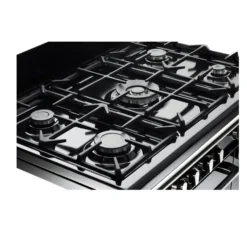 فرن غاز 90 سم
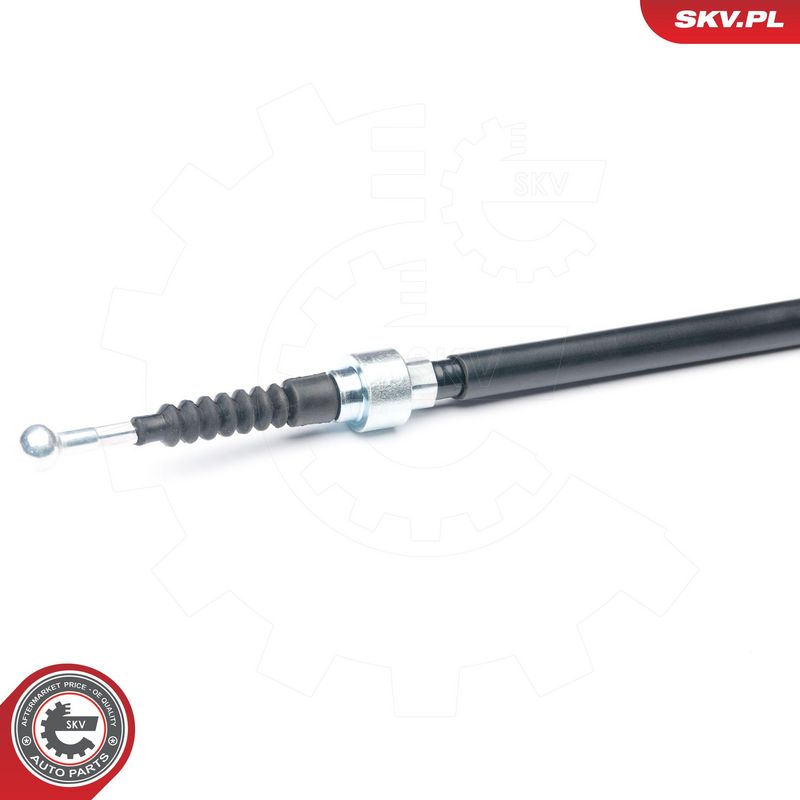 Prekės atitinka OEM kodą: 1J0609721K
--------------------------------
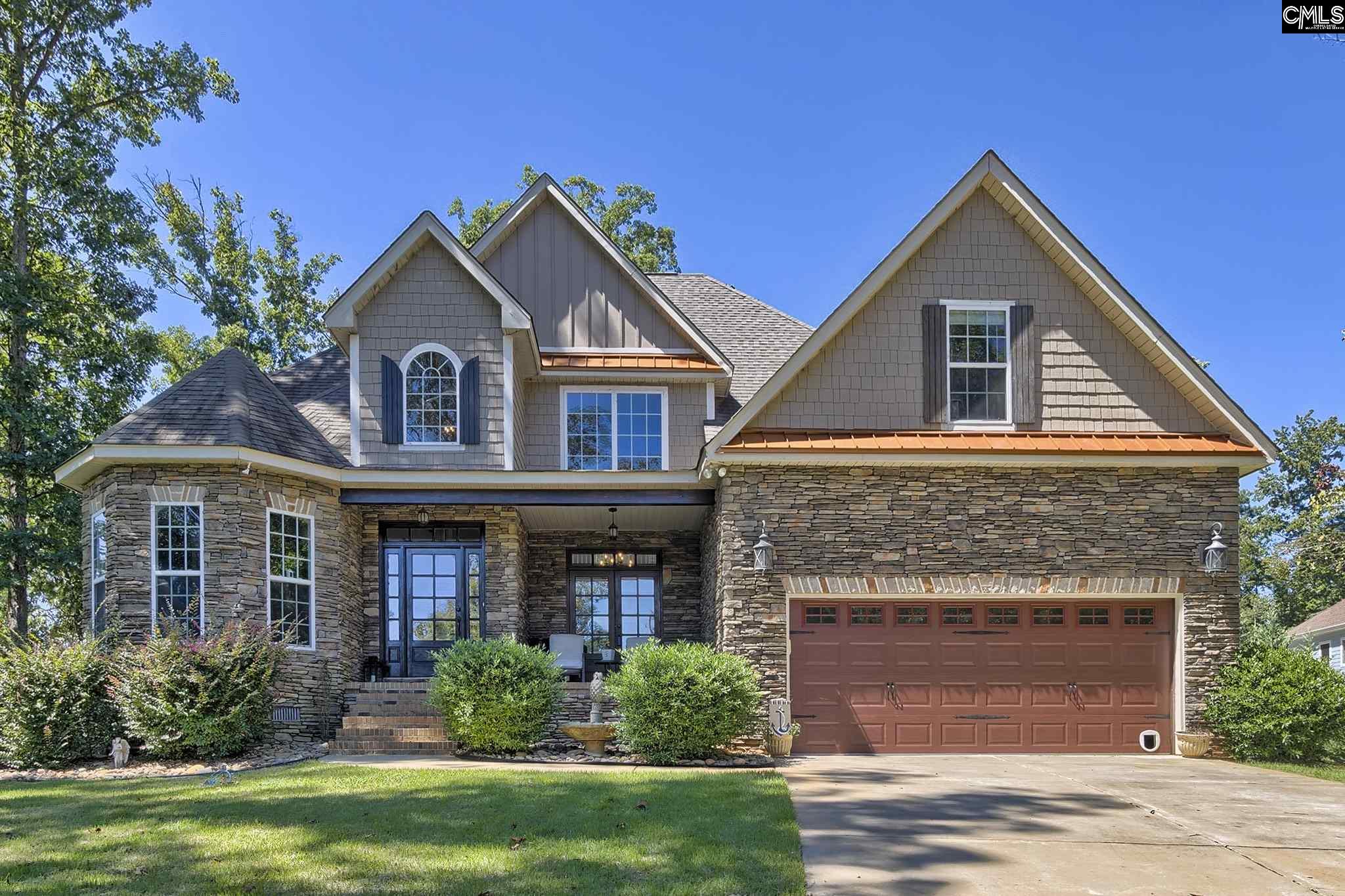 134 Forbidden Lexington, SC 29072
--------------------------------
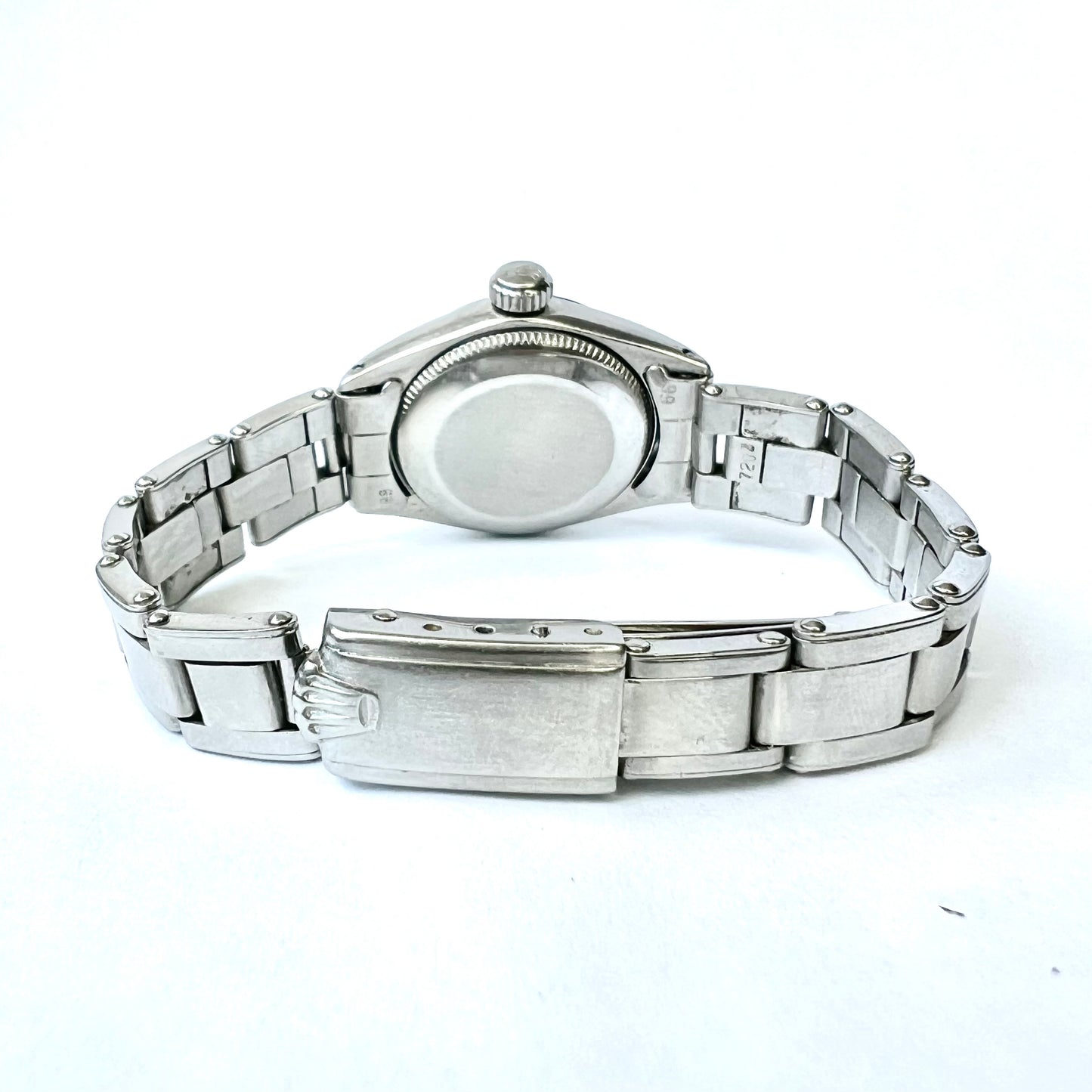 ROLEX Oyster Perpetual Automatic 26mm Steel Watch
--------------------------------
### What you should do
Only the lines between the one with "فرن غاز 90 سم" and the one with "Prekės atitinka OEM kodą: 1J0609721K", those two included, get copied from the material above. Keep it exact and free of pictures.

### Expected output
 فرن غاز 90 سم
 Prekės atitinka OEM kodą: 1J0609721K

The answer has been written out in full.